3

We know what undefined behavior is and we (more or less) know the reasons (performance, cross-platform compatibility) of most of them. Assuming a given platform, say Windows 32 bit, can we consider an undefined behavior as well-known and consistent across the platform? I understand there is not a general answer then I would restrict to two common UB I see pretty often in production code (in use from years).

1) Reference. Give this union:

union {
    int value;
    unsigned char bytes[sizeof(int)];
} test;

Initialized like this:

test.value = 0x12345678;

Then accessed with:

for (int i=0; i < sizeof(test.bytes); ++i)
    printf("%d\n", test.bytes[i]);

2) Reference. Given an array of unsigned short* casting to (for example) float* and accessing it (reference, no padding between array members).

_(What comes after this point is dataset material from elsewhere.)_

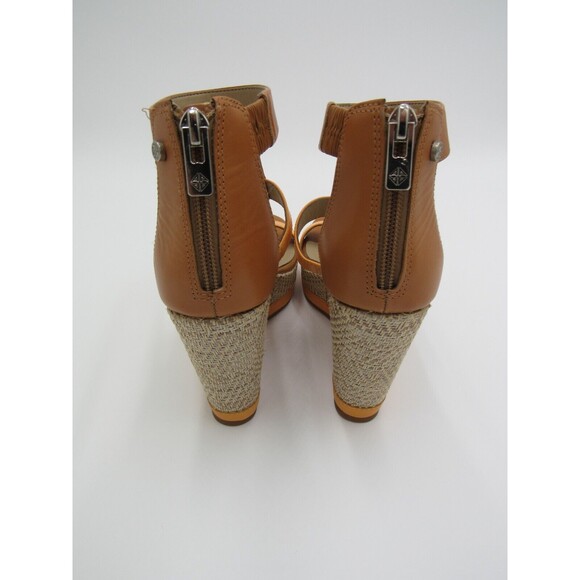 Womens 6.5 CAM Tan Leather Wedge T-Strap Sandals Antonio Melani Shoes Beach Boho - Picture 3 of 16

Is code relying on well-known UBs (like those) working by case (assuming compiler may change and for sure compiler version will change for sure) or even if they're UB for cross-platform code they rely on platform specific details (then it won't change if we don't change platform)? Does same reasoning apply also to unspecified behavior (when compiler documentation doesn't say anything about it)?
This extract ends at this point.